All existing SBA-certified lenders will be given delegated authority to speedily process PPP loans. All federally insured depository institutions are eligible to participate, and according to the Treasury, “a broad set of additional lenders can begin making loans as soon as they are approved and enrolled in the program.
New lenders will need to submit their application to DelegatedAuthority@sba.gov to apply with the SBA.
Starting April 3, small businesses and sole proprietorships can apply. Funds are provided in the form of loans that will be fully forgiven when used for payroll costs, interest on mortgages, rent, and utilities, and due to likely high subscription, at least 75% of the forgiven amount must have been used for payroll.
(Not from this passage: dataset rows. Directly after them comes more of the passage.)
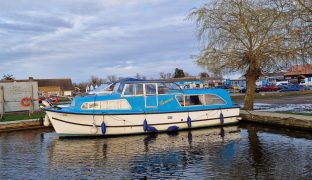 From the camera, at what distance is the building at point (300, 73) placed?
86.5 ft

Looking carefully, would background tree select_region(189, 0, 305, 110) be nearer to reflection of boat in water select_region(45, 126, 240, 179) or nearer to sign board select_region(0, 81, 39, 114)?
reflection of boat in water select_region(45, 126, 240, 179)

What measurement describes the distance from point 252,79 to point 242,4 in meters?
5.46

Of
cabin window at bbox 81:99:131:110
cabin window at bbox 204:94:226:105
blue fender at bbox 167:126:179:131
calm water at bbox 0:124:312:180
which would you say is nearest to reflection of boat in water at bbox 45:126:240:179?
calm water at bbox 0:124:312:180

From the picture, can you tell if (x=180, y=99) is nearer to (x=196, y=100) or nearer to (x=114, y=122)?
(x=196, y=100)

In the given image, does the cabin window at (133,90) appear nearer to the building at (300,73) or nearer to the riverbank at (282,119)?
the riverbank at (282,119)

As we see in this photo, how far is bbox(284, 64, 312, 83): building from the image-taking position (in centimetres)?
2637

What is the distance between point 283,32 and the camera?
26.3 metres

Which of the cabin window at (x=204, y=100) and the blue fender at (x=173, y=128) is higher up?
the cabin window at (x=204, y=100)

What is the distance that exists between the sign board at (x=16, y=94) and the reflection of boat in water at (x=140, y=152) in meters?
10.1

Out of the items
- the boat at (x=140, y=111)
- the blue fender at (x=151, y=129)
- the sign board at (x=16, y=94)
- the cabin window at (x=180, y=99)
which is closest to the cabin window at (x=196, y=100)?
the boat at (x=140, y=111)

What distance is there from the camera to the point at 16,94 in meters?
30.0

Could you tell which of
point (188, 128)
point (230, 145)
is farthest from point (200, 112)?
point (230, 145)

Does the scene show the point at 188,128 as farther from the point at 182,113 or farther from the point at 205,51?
the point at 205,51

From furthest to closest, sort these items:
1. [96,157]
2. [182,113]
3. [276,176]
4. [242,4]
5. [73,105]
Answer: [242,4], [182,113], [73,105], [96,157], [276,176] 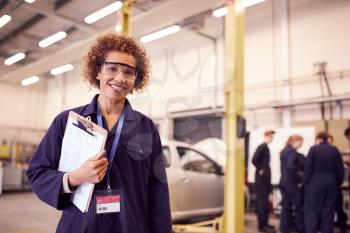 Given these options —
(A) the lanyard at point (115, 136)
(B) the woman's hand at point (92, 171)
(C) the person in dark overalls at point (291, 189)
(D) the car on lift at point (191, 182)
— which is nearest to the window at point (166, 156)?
(D) the car on lift at point (191, 182)

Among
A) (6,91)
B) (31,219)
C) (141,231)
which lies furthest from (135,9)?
(141,231)

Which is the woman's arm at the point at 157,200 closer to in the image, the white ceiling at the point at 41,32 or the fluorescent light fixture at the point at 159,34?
the white ceiling at the point at 41,32

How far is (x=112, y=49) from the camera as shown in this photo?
1241 mm

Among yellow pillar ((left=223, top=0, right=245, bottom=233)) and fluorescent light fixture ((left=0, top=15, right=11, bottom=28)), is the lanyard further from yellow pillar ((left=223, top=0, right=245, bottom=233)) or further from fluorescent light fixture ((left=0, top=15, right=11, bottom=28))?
yellow pillar ((left=223, top=0, right=245, bottom=233))

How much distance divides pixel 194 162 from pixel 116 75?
341cm

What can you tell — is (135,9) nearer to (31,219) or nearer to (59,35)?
(59,35)

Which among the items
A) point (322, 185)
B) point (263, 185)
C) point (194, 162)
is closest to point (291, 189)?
point (263, 185)

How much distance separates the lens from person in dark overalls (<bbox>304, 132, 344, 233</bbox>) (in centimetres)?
396

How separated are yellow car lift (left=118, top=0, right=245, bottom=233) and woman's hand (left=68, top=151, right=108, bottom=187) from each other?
260cm

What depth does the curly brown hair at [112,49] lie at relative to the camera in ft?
4.11

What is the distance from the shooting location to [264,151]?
481cm

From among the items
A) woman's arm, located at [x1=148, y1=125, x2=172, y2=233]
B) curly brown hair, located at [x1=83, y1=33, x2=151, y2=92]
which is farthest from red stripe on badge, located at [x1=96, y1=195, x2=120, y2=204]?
curly brown hair, located at [x1=83, y1=33, x2=151, y2=92]

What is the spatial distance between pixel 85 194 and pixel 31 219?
0.88 meters

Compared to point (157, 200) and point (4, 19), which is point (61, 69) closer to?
point (4, 19) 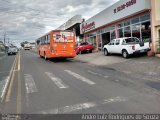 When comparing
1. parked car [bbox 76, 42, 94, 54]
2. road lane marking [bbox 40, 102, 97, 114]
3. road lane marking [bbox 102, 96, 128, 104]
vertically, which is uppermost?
parked car [bbox 76, 42, 94, 54]

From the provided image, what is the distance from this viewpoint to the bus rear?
24.0m

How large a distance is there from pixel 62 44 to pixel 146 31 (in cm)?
774

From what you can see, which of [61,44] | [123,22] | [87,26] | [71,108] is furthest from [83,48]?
[71,108]

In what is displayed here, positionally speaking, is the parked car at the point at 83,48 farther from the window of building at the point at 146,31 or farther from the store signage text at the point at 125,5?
the window of building at the point at 146,31

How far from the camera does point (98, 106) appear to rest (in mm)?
7344

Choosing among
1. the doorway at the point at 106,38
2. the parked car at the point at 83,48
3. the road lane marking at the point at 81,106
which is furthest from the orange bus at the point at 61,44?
the road lane marking at the point at 81,106

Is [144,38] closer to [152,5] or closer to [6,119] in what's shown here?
[152,5]

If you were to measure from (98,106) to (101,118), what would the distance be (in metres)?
1.14

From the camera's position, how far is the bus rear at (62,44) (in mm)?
24000

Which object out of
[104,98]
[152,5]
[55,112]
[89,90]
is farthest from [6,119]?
[152,5]

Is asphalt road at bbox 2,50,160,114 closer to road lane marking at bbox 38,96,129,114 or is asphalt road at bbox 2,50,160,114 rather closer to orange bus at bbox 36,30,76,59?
road lane marking at bbox 38,96,129,114

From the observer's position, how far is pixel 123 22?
26.8m

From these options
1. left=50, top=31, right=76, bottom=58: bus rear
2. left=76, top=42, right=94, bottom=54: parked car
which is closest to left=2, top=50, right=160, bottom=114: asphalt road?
left=50, top=31, right=76, bottom=58: bus rear

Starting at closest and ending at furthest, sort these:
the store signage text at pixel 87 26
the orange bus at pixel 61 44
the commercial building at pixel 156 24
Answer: the commercial building at pixel 156 24 → the orange bus at pixel 61 44 → the store signage text at pixel 87 26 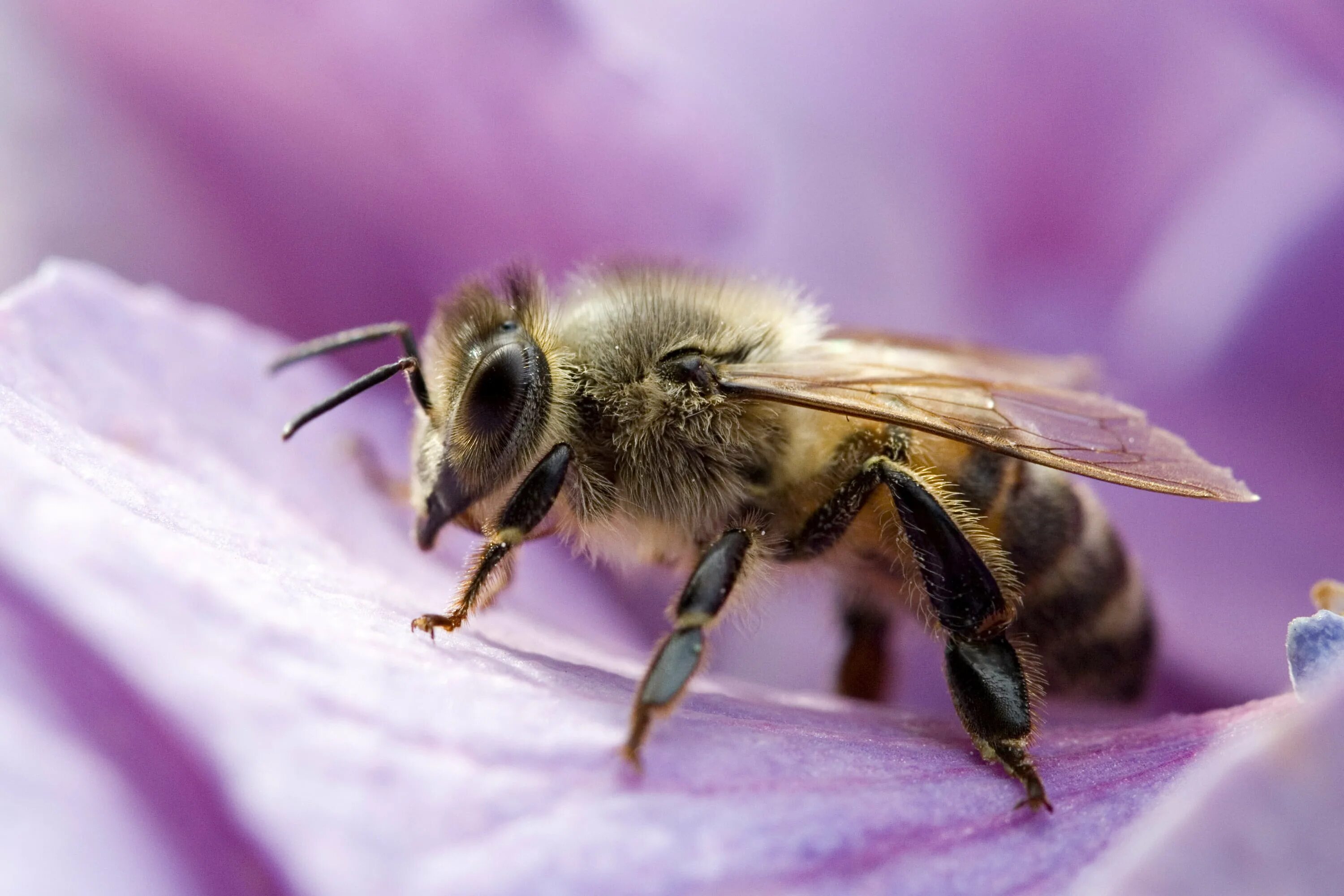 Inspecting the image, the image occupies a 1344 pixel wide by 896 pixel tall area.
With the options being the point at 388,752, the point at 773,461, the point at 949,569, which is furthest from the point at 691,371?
the point at 388,752

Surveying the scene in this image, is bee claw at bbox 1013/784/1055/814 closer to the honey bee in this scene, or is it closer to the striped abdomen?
the honey bee

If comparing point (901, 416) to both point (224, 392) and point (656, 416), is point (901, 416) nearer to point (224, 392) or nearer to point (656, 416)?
point (656, 416)

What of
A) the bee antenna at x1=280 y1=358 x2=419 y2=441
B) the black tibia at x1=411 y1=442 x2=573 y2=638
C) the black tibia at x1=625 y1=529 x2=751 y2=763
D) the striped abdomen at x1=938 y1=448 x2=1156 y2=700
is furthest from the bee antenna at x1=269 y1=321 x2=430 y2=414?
the striped abdomen at x1=938 y1=448 x2=1156 y2=700

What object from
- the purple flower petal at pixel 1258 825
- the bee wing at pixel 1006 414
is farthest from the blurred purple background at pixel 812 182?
the purple flower petal at pixel 1258 825

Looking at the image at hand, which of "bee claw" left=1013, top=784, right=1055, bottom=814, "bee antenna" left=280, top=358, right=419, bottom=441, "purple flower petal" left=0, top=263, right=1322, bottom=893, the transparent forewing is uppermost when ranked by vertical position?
the transparent forewing

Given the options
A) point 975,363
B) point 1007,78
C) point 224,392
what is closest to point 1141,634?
point 975,363

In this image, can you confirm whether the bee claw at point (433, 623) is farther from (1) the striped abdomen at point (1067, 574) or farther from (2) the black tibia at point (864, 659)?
(2) the black tibia at point (864, 659)

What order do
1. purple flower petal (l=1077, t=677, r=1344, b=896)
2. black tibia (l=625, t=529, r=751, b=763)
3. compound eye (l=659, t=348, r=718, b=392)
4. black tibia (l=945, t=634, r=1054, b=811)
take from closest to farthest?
purple flower petal (l=1077, t=677, r=1344, b=896), black tibia (l=625, t=529, r=751, b=763), black tibia (l=945, t=634, r=1054, b=811), compound eye (l=659, t=348, r=718, b=392) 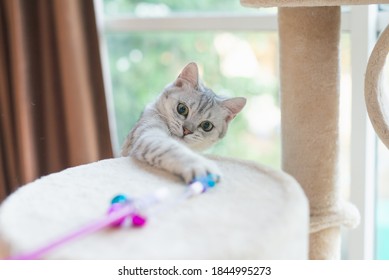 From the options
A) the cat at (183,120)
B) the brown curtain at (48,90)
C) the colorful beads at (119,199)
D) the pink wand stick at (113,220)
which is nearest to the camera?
the pink wand stick at (113,220)

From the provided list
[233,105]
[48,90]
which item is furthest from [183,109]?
[48,90]

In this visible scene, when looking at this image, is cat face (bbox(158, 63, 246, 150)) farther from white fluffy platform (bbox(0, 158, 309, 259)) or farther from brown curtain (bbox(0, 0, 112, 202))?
brown curtain (bbox(0, 0, 112, 202))

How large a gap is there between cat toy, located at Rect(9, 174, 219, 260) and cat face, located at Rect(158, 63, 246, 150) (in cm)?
28

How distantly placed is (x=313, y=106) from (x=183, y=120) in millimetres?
298

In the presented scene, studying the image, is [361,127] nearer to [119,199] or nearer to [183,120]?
[183,120]

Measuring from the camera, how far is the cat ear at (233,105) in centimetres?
125

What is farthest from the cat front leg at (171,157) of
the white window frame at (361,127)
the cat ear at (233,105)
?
the white window frame at (361,127)

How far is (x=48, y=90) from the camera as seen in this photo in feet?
6.42

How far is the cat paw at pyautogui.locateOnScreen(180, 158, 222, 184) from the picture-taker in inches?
35.6

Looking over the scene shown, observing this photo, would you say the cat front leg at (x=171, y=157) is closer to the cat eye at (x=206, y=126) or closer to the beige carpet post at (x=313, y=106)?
the cat eye at (x=206, y=126)

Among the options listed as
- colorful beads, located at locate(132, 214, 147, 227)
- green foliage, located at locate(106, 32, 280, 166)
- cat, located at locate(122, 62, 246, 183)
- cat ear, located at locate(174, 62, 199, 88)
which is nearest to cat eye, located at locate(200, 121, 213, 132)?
cat, located at locate(122, 62, 246, 183)

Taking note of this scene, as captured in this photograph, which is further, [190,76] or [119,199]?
[190,76]

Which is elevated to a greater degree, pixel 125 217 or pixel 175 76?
pixel 175 76

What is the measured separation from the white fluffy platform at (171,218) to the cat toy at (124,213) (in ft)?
0.04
Loan payments will also be deferred for six months. No collateral or personal guarantees are required. Neither the government nor lenders will charge small businesses any fees. Loan forgiveness is based on the employer maintaining or quickly rehiring employees and maintaining salary levels. Forgiveness will be reduced if full-time headcount declines, or if salaries and wages decrease, according to the Treasury.
The Treasury has also created a one-page list of information for lenders, answering questions such as:
CUNA has joined other cooperatives in asking the SBA to allow cooperatives to participate in the program.
CUNA is working with SBA and NCUA to see if the SBA is willing to explore rule changes to make credit unions eligible for PPP through a change in SBA rules, as many credit unions could use access to these funds to provide economic relief and offset costs related to the pandemic.